Quelles sont les spécificités de la clinique de la rue ?

L’abord relationnel des personnes sans domicile est totalement différent des autres. Nous sommes face à des individus qui s’excluent d’eux-mêmes. Ils ont tendance à abolir leur souffrance en se mettant sur la touche. L’idée, avec mes collègues infirmières, assistantes sociales et éducateurs, est de leur ouvrir un horizon sur l’exclusion de soi. Mais, pour se rapprocher d’eux, il faut parfois s’éloigner, tant ils redoutent la relation d’aide. La clinique est particulière aussi car ils sont coupés de leur corps. C’est pourquoi il ne faut pas leur reprocher leur consommation d’alcool ou d’autres toxiques, qui sert à endormir, à apaiser ou à décaler les tourments psychiques et physiques. Les gens de la rue sont hors sujet, comme s’ils voulaient sortir leur être de leur personne.
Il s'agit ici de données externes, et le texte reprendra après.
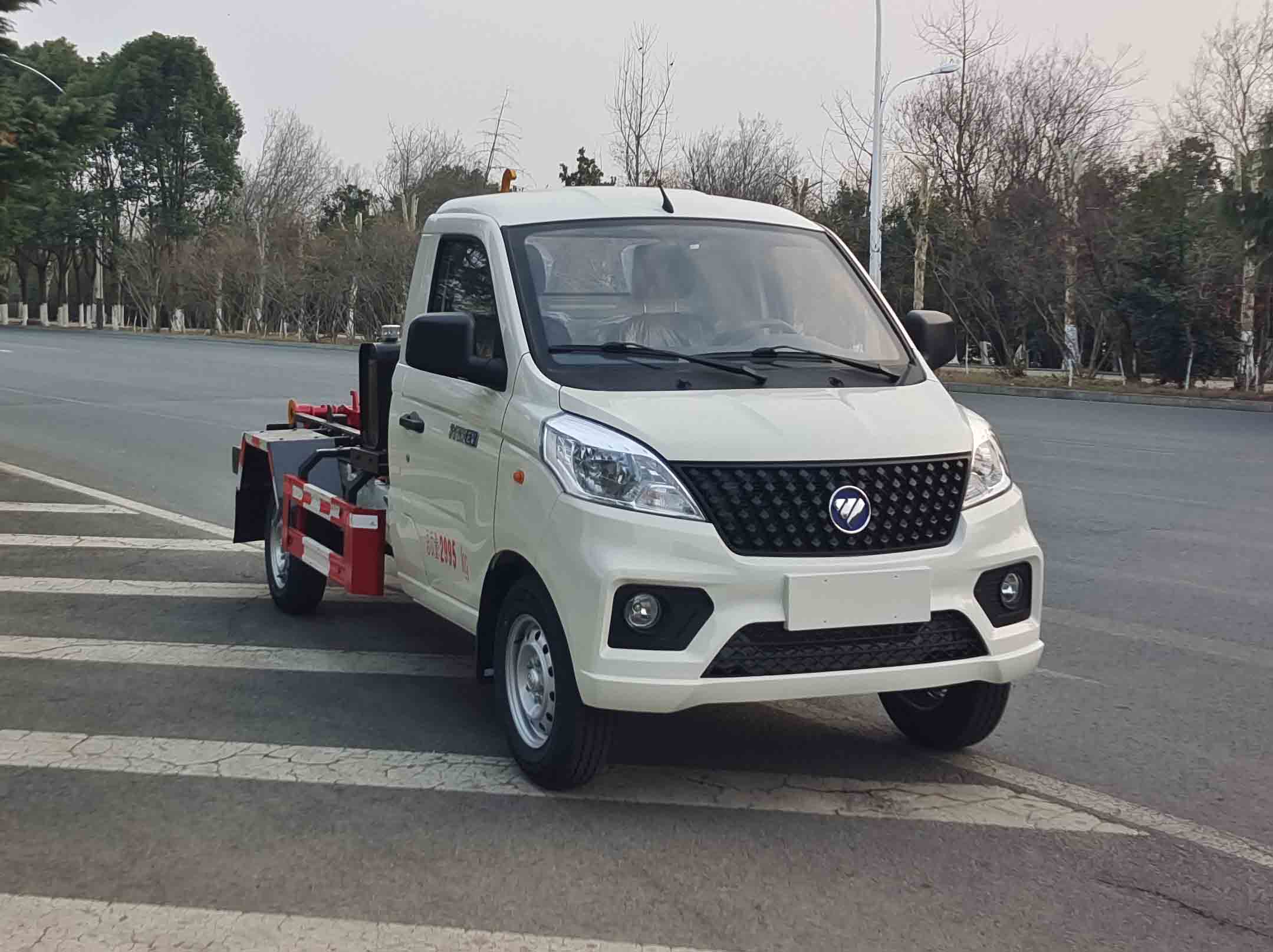 RLQ5030ZXXBJBEV 瑞力星牌纯电动车厢可卸式垃圾车图片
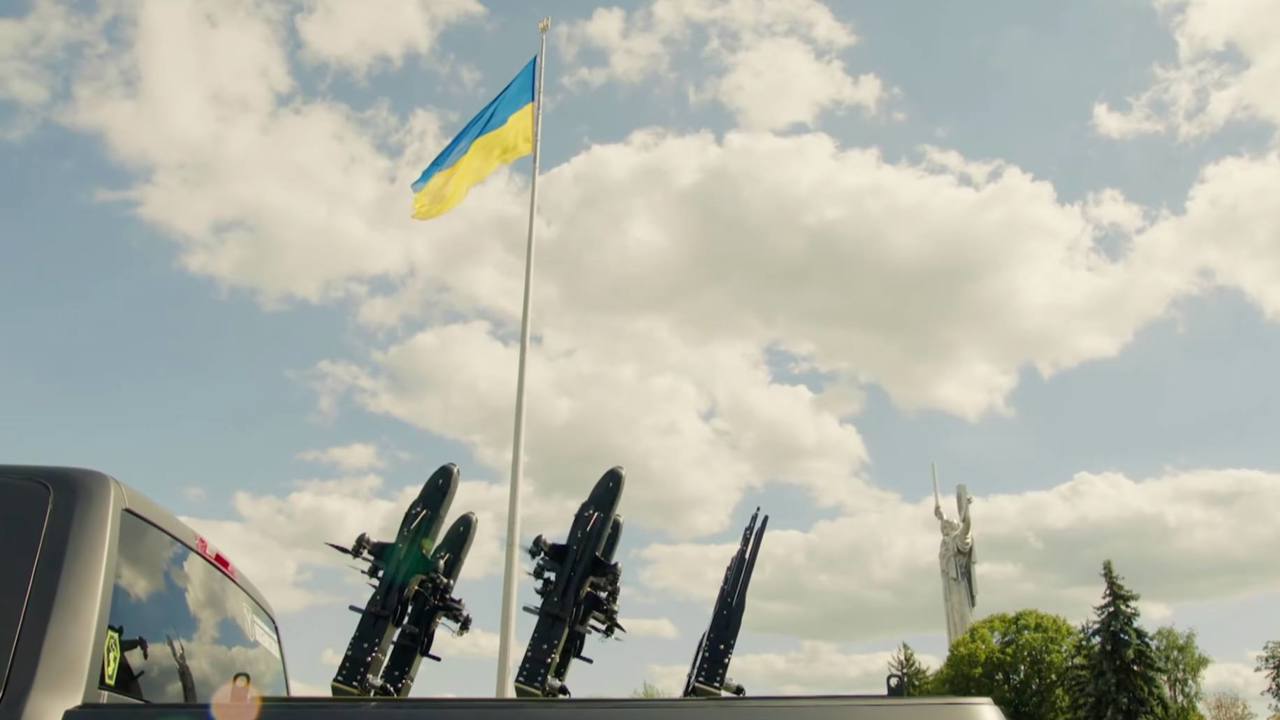 День независимости Украины: по Крещатику проехали украинские наземные роботизированные комплексы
De même, plutôt que d’être dans la continuité de lien, ils ont tendance à activer des ruptures. Etre seul peut être soulageant pour eux : ils n’attendent rien des autres et les autres n’attendent rien d’eux. Ils ne prennent pas non plus soin de leur personne. Ils laissent aller leur vie, qui ne leur apporte aucune sécurité et, au fur et à mesure, tout vole en éclats. En revanche, bien qu’ils n’aient pas grand-chose, ils s’agrippent à leur coin de trottoir, à leur Caddie, à leurs petites affaires. Nos vies sont aussi nos objets. Arriver et leur arracher tout ça est d’une violence inouïe.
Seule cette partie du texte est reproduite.